According to the latest report released by DMO,Nigeria’s total debt portfolio rose to N25.7 trillion as of June 30, 2019, compared to N24.9 trillion recorded in March 2019. That is, within three months, Nigeria increased its debt by N754.56 billion, representing a 3.2% increase.
Nigeria’s total debt stock constitutes both external and domestic debts. According to the latest DMO report, the country’s total external debt rose to N8.32 trillion ($27.1 billion), representing about 32.38% of the total debt stock. While the domestic debt constitutes 67.68%.
- The breakdown of the total external debt showed that the federal government accounted for the biggest external debt stock in the country.
- As at June 2019, out of the N8.32 trillion external debt, the Federal Government accounted for 7.01 trillion, while states and FCT accounted for only N1.30 trillion. This means the Federal Government accounts for 84% of Nigeria’s total external debt.
- Also, the Federal Government (FG) accounts for the biggest domestic debt in the country. Specifically, out of Nigeria’s total N13.4 trillion domestic debt, FG accounted for N13.4 trillion, while states and FCT’s domestic debt stood at N3.9 trillion.

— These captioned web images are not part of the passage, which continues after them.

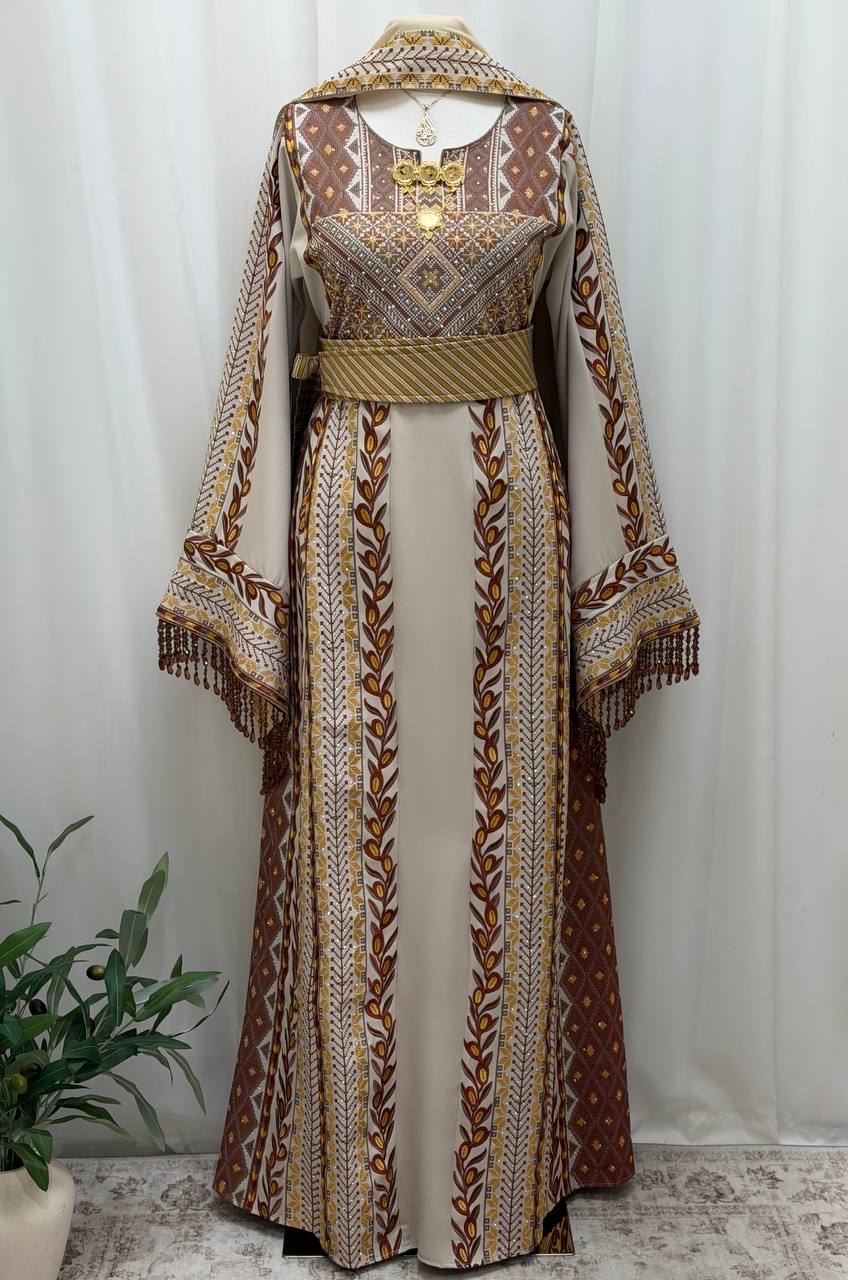 Al Zaytouna – Palestinian Embroidered Thobe with Shawl & Reversible Belt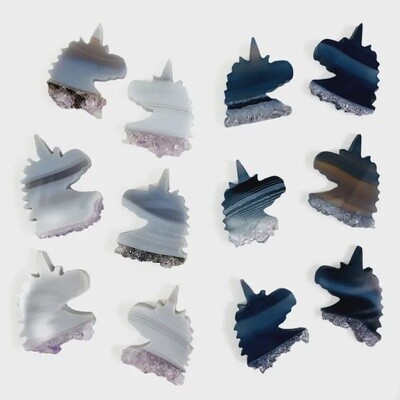 Amethyst Unicorn Head Cabochons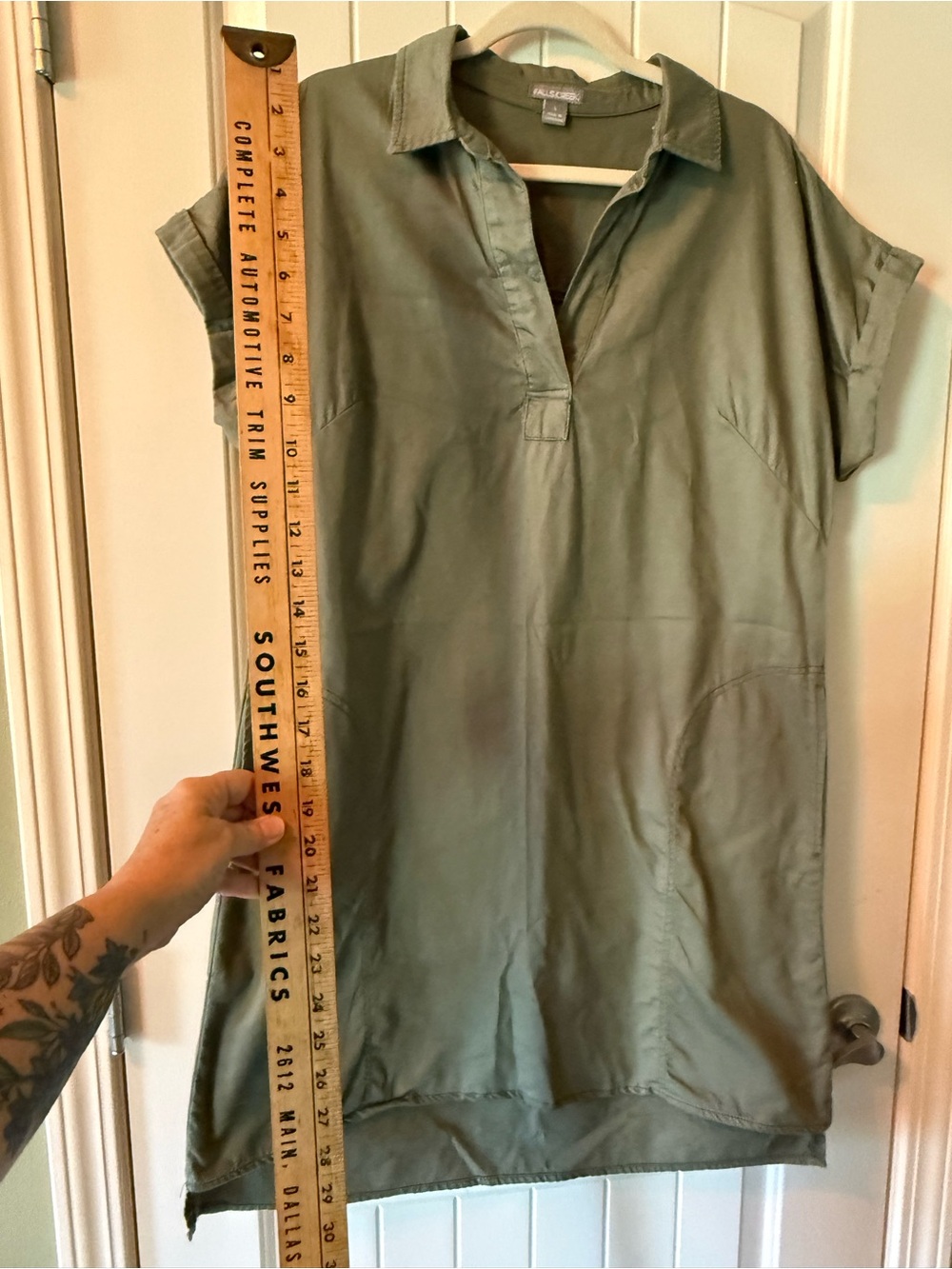Falls Creek  Olive Green Short Sleeve Shirt Dress. 100% cotton - Picture 5 of 8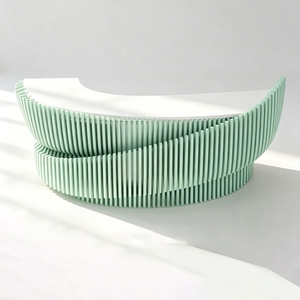 Comptoir de réception en fibre de verre courbé sur mesure, de luxe, au design artistique moderne, pour centre commercial et hall de club - Product Image 6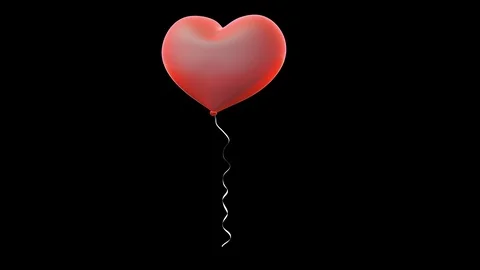 Balloon floating, Red Heart with Alpha Channel - 4k Stock Footage 102446910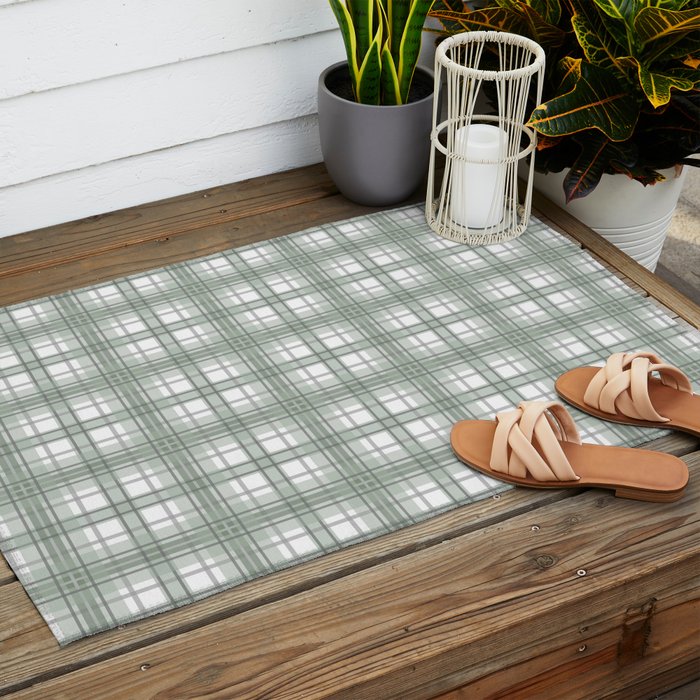 Sage Green and Gray Plaid Outdoor Rug Gallery Image 2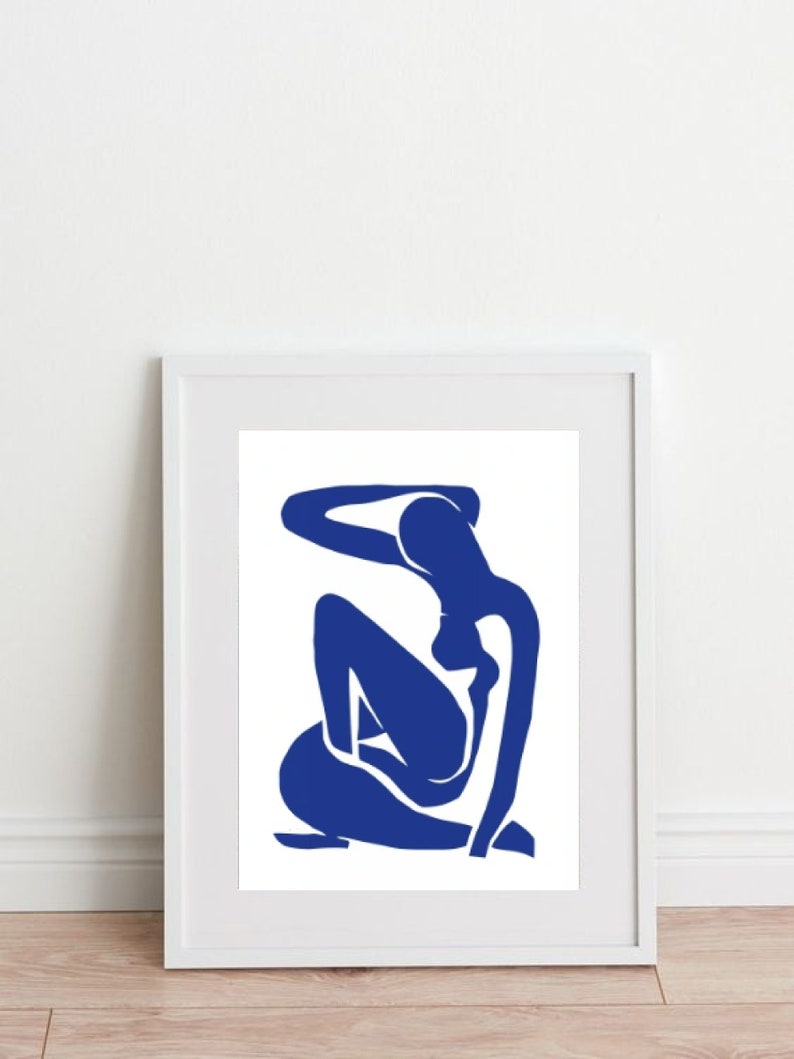 Drei Abstrakte Poster, SET von 3 Kunstdrucke, Henri Matisse kunst, Wandkunst, blaue abstrakte Drucke, abstrakte drucke, Wohnzimmer Bilder Bild 9
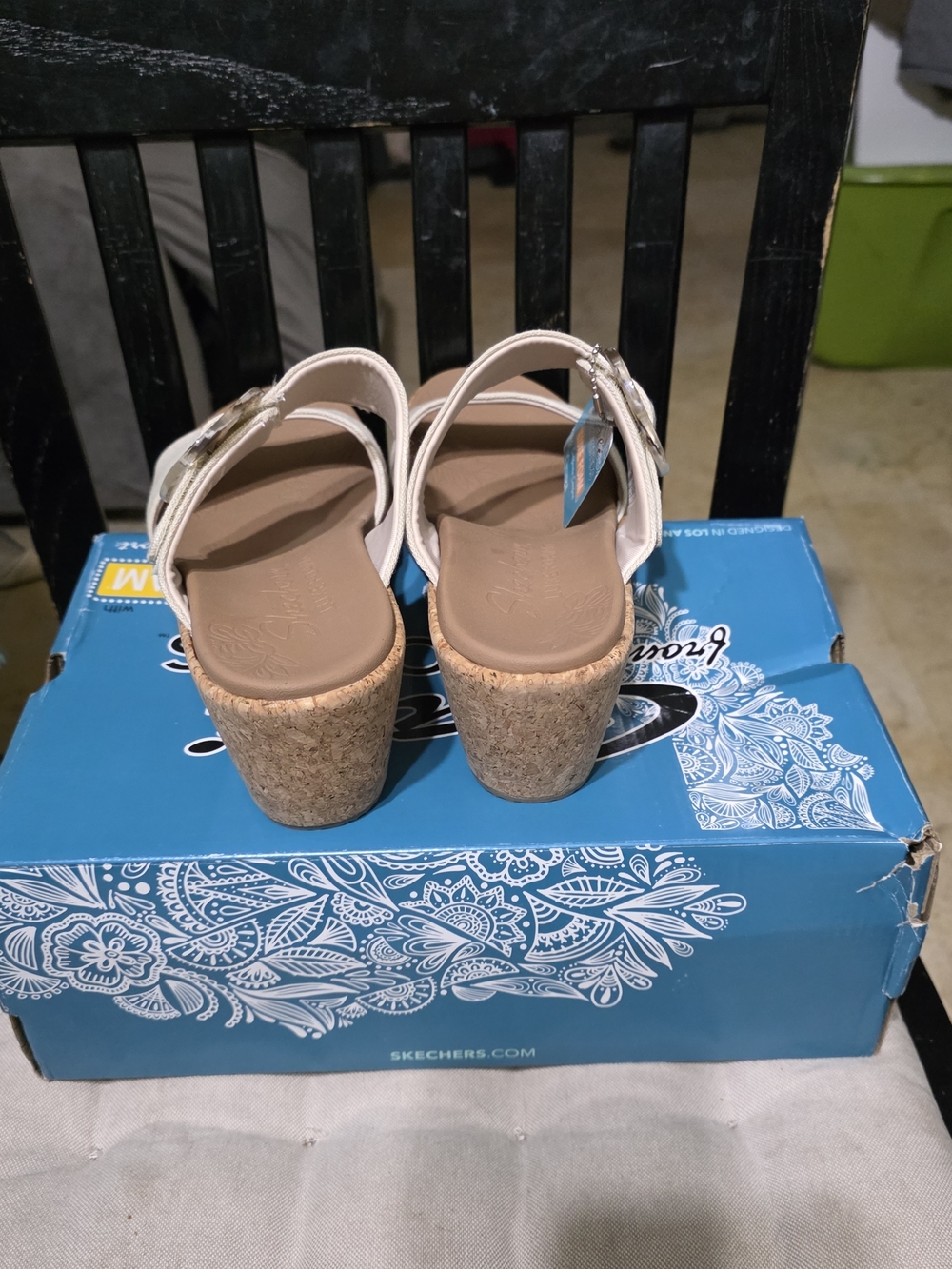 Skechers Women's Natural Linen Double-Band Cork Platform Sandalsne New Size 9.5 - Picture 6 of 8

- Overall, out of Nigeria’s N25.7 trillion debt stock, debt accruing to FG stood at N20.4 trillion (79%), while that of states and FCT stood at N5.27 trillion (20.5%).
The Rising Cost
While Nigeria’s debt profile hit a new height in the second quarter of 2019 (thanks to the federal government) the cost of servicing the debt hits just another height. In recent times, there have rising concerns over Nigeria’s debt service.
Experts have stated that while the country’s debt to GDP ratio may be sustainable in the meantime, the cost of servicing the debt eats deep into the country’s already depleting revenue.
- According to the DMO’s report, Nigeria paid a total of $252.2 million or N77 billion to service the country’s external debt between April and June 2019, while N189.8 billion was paid to service domestic debt.
- This means Nigeria paid a total sum of N267.1 billion to service the country’s debt stock in just three months.
- The breakdown shows that for the external debt, the World Bank’s debt servicing gulped almost $100 million within the period.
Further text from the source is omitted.